(Un texto de Ángel
González Vera en el suplemento gastronómico del Heraldo de Aragón del 29 de
junio de 2013)
Lo sucedido
recientemente por la aparición de una nueva normativa obligando a que en las
mesas de restaurantes y bares solo aparezcan botellas etiquetadas, dotadas de
tapón irrellenable prohibiéndose el uso de las tradicionales aceiteras, confirma
una vez más que el aceite de oliva es, al menos en España, un producto sometido
a intereses comerciales ajenos a su calidad e indiferentes a la salud y satisfacción
de los consumidores. Estos acontecimientos aún se agravan más si tenemos en
cuenta que España ocupa el primer lugar en cuanto a elaboración, con una
producción superior al cincuenta por ciento del total mundial, y que solo la
provincia de Jaén produce tanto aceite de oliva como toda Italia.
Antecedentes al
despropósito que ahora preocupa, los ha habido a docenas. Ya la misma
nominación del producto supone todo un desatino, porque resulta que si nos atenemos
a lo que la ley establece «deberá considerarse aceite de oliva solo aquel que
se obtiene directamente del fruto del olivo, únicamente por procedimientos
mecánicos o por otros medios físicos, en condiciones térmicas adecuadas, con exclusión
de los aceites obtenidos por disolventes o por procedimientos de
reesterificacion y de toda mezcla con aceites de otra naturaleza», principios
que si bien cumplen los aceites obtenidos en la mayor parte de nuestras fábricas
y almazaras, son precisamente ellas las únicas que no podrán llamar a ese
producto como la normativa determina, viéndose obligadas, por tal motivo, a
hacer uso de calificativos como 'virgen' o 'extravirgen', y dejando el de 'aceite
de oliva' para aquellos que se comercializan mezclados con otros aceites que no
concuerdan con ella.
Pero aun obviando la
lamentable torpeza, que podemos calificar como conceptual o semántica, no nos
faltarán otras, igualmente graves, nacidas tanto de fortuitas y falsas interpretaciones
como de malintencionadas campañas comerciales que solo han conseguido, a lo
largo de muchos años, desorientar a la opinión pública. Recordemos las campañas
orquestadas desde Estados Unidos para promocionar el consumo del aceite de
soja, o la persistente tendencia a calificar la calidad de un aceite por su
grado de acidez, ratio trascendente si nos referimos a un aceite virgen
comercializado en origen y totalmente inocua si se trata de una botella de aceite
de oliva (mezcla de virgen y refinado) puesta a la venta en el anaquel de un
supermercado; sin olvidar los sobresaltos por alarmas alimentarias, como la del
benzopiremo y la de la colza, esperpéntica la primera y autentica tragedia la
segunda.
Pasemos pues sin más
dilación a explicar lo sucedido en las últimas semanas. A principios de [2013],
el sector oleícola sintió que se cumplía un deseo largo tiempo esperado; las
autoridades comunitarias establecían el uso obligatorio en las mesas de restaurantes
y bares de botellas de aceite etiquetadas y dotadas de tapón irrellenable,
medida que debía entrar en vigor a principios del año 2014, lo que significaba que
a la tradicional aceitera, variopinta en sus formas, materiales e incluso
limpieza, le quedaban pocos meses de vida. Portugal ya había tomado la
iniciativa unos años antes y parecía que la medida había sido todo un éxito.

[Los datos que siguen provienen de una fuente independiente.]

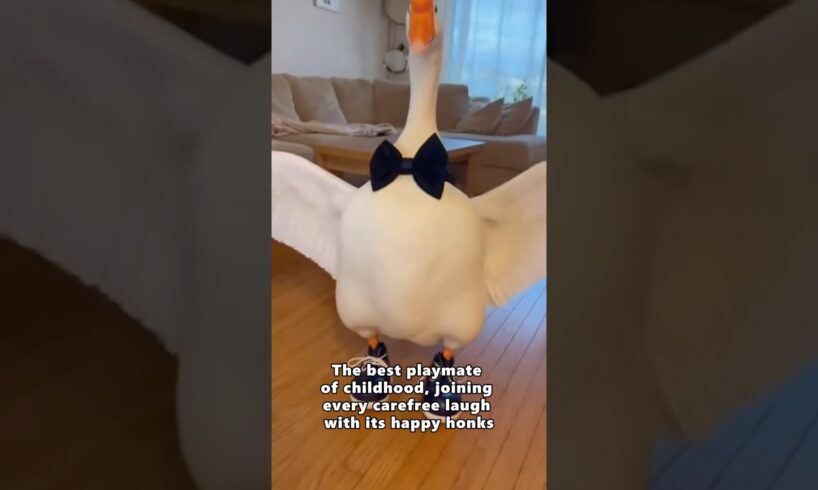 This family rescued a gosling that was trapped under a rock and then...❤️#rescue #animals  #goose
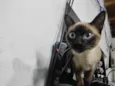 Tico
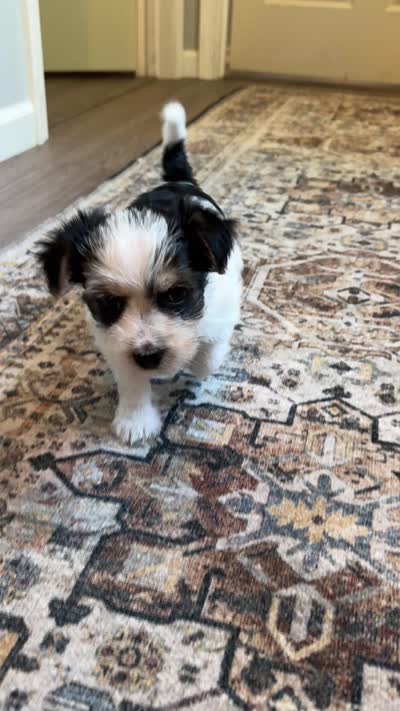 Coco-CKC Registered Morkie, a female Morkie for sale in Cullman, AL – 5 of 6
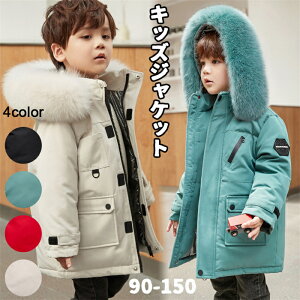 LbY AE^[  q ȕ h 킢 q _E j̎q R[g t[ht h H~ t@bV LbYWPbg ~ p[J[ ȃWPbg ۉ h  ʊw 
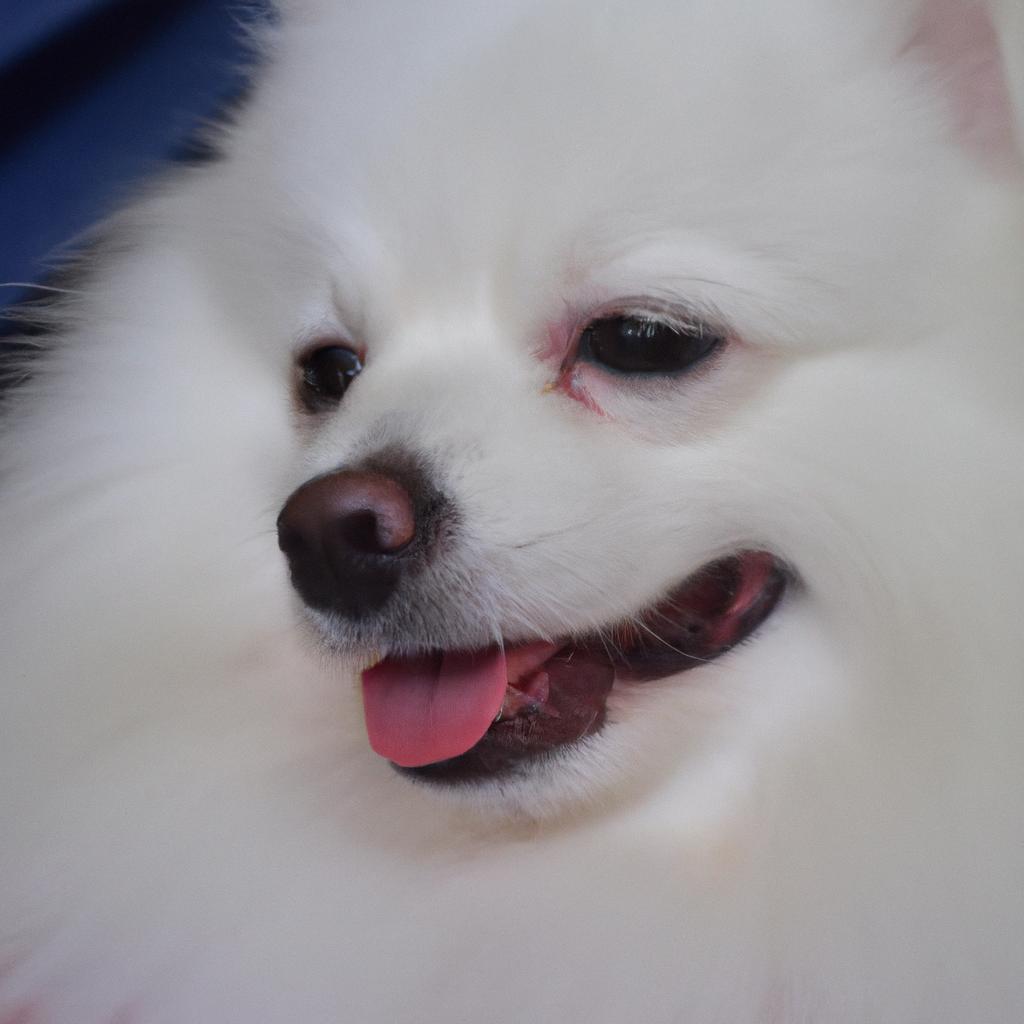 スピッツをもっと愛犬らしく、もっと美しく。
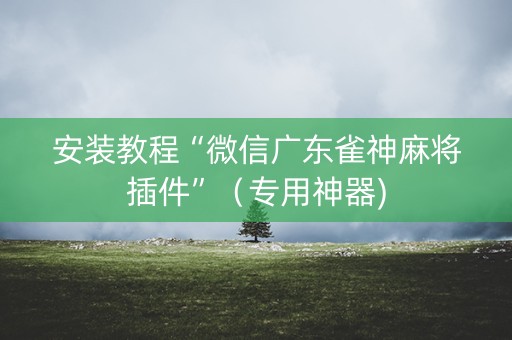 安装教程“微信广东雀神麻将插件”（专用神器)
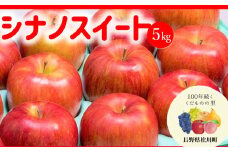 AS03-25A りんご シナノスイート（松川町産）秀品 約5kg ／2025年10月上旬～中旬頃 配送予定 // 長野県 南信州 松川町 贈答 りんご リンゴ 林檎 シナノスイート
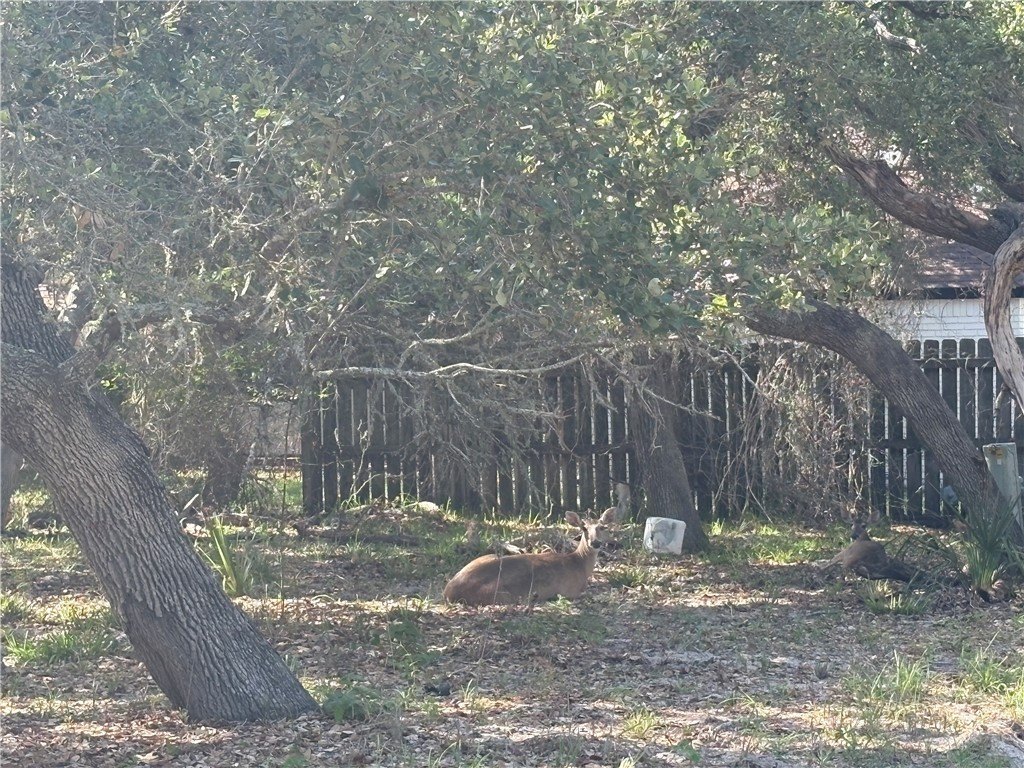 Picture 10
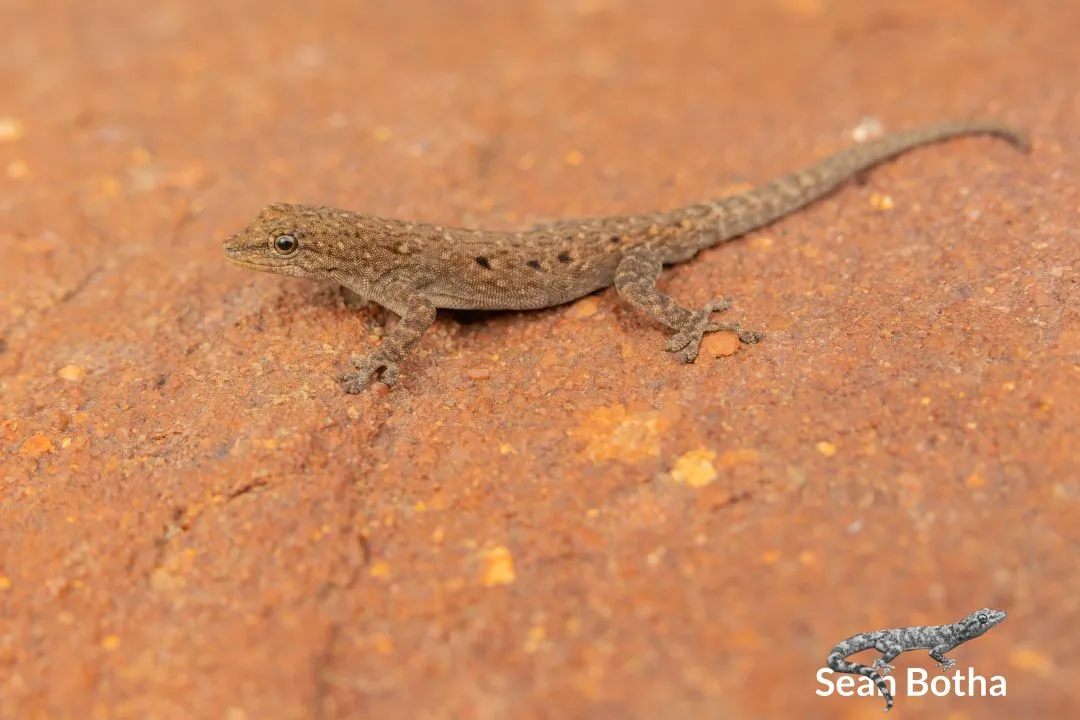 Lygodactylus nigropunctatus. From Ezemvelo Nature Reserve, Gauteng. Sean Botha.
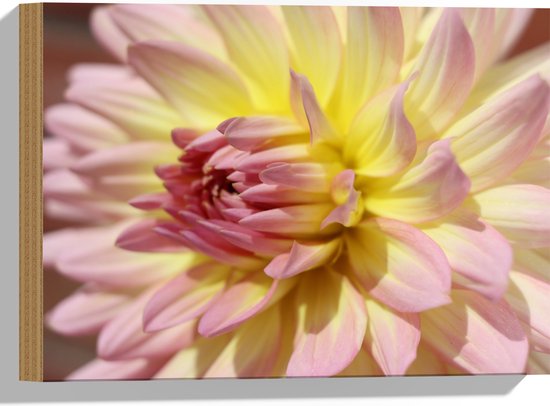 WallClassics - Hout - Dahlia Bloem met Roze Details - 40x30 cm - 12 mm dik - Foto op Hout (Met Ophangsysteem)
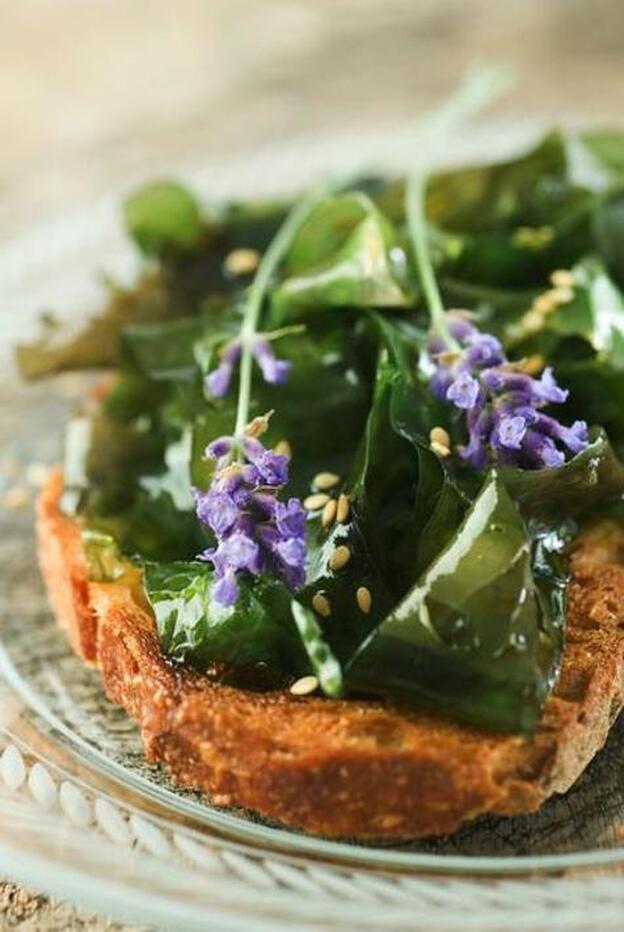 Alimento magnífico 7: Alga Kelp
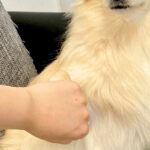 肉球に薬を塗った犬が『舐めないように』と手を繋いでいたら…まさかの『恋に落ちた表情』に4万いいね「笑ったｗ」「音楽流れ始めそうｗ」と絶賛(ブログ)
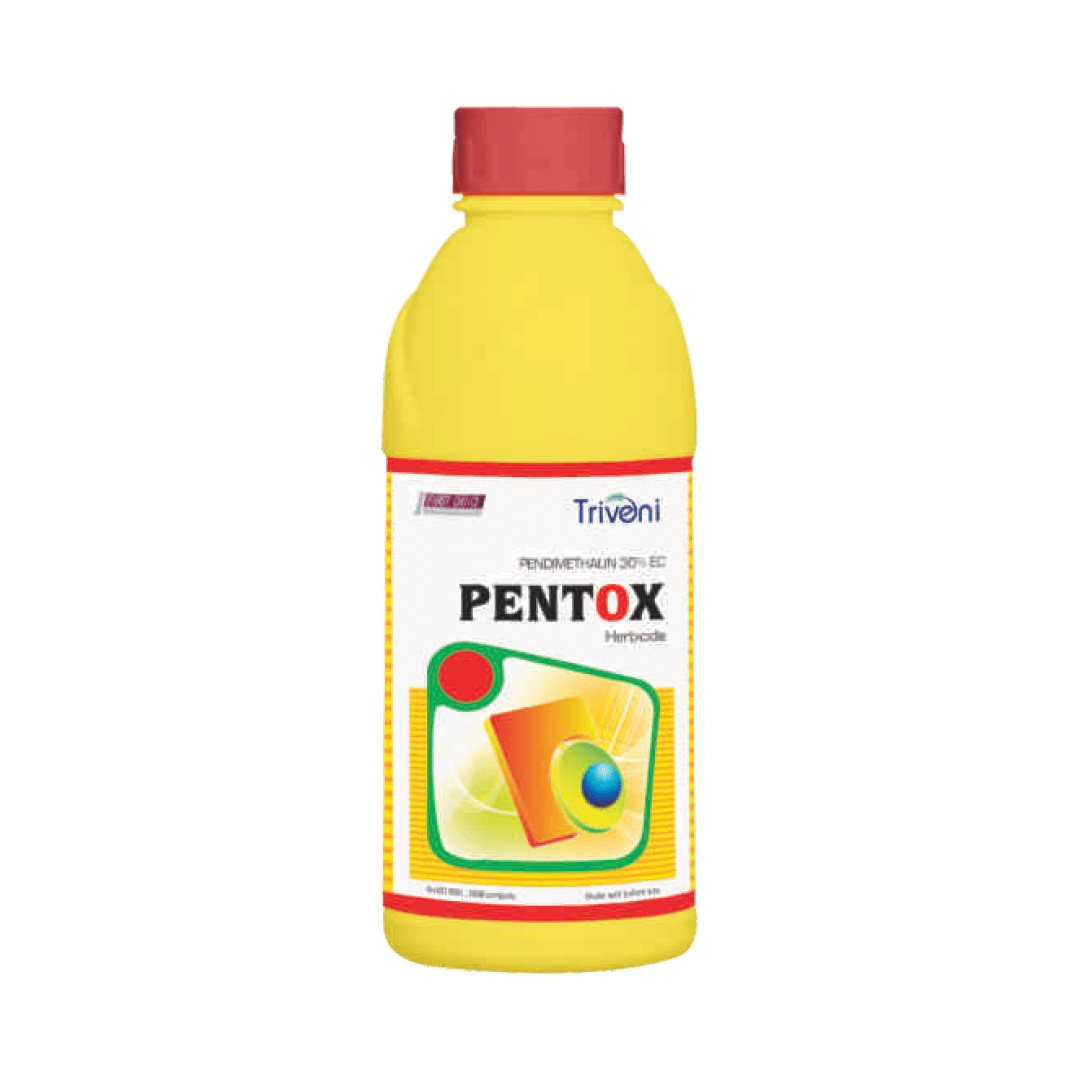 PENTOX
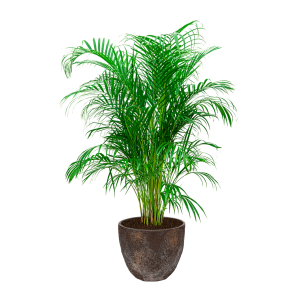 Palm Areca Large in Coral Jesslyn XS - Imperial brown - bruin.png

Pero hete aquí que aun no habían transcurrido tres meses, sin apenas tiempo
para pensar cómo se resolverían problemas graves como los de vigilancia o
implantación de las medidas, o menos graves, como el determinar qué se haría con
el vinagre, normalmente servido junto con el aceite en los tradicionales convoyes,
cuando aparece nuevamente el comisario Sacian Ciolos para decir que ha tomado la
decisión de retirar el proyecto, convencido por las alegaciones presentadas por
países de tan escasa tradición mediterránea como Reino Unido y Países Bajos, alertando
del grave daño que podía producir a los consumidores la aplicación de la
normativa aprobada.
«Despropósito» y «traición»
han sido las críticas más livianas lanzadas por la administración y representantes
de los sectores agrarios y productivos del olivar, y no les falta razón para
hacerlo, pues si la regresión de la medida es grave por el desencanto que produce,
el razonamiento usado para justificarla lo es aún mayor, porque ofende a la
inteligencia de todos. ¿Cómo puede perjudicar al consumidor una medida que solo
trata de evitar que en restaurantes o locales públicos de escasa ética profesional
den gato por liebre, al poner en sus manos, o en este caso en su boca, estómago
o hígado, un producto, cuando no espurio, sí al menos de desconocida
procedencia, que puede en algunas ocasiones resultar incluso tóxico?
No se nos escapa que
'lobbies' con altos intereses económicos que comercian, desde entidades centroeuropeas,
con grasas de diferente naturaleza, mucho menos nobles que el aceite de oliva,
han podido influir fuertemente para que la medida no entrase en vigor, pero también
y antes de que tengamos que entonar un réquiem por nuestros olivos, los países productores
de esta joya de la naturaleza (no me importa proclamarlo una vez más) deberían
reflexionar sobre si no tendremos también nosotros una parte de culpa de lo que
está sucediendo. Urge conseguir que el mercado y el consumo de aceite de oliva
se normalice y alcance el nivel del que gozan los productos de calidad extra,
en los que, salvando las medidas lógicas de control en todo producto
alimentario, sea el usuario el que establezca las reglas y quien determine cuál
vale y cuál no, y cuanto está dispuesto a pagar por uno y por otro, y en el que
los productores más pronto que tarde ofrezcan aceites de oliva sin artilugios
semánticos, fácilmente identificables y en los que un precio alto de compra
siempre se vea recompensado por una alta satisfacción culinaria. Y por ceñirnos
al tema que nos ocupa, que con normativa o sin ella, sea el usuario quien
determine qué restaurante merece ser distinguido por su compromiso de usar en
sus mesas y, lo que es más importante, en su cocina, un buen aceite de oliva
virgen.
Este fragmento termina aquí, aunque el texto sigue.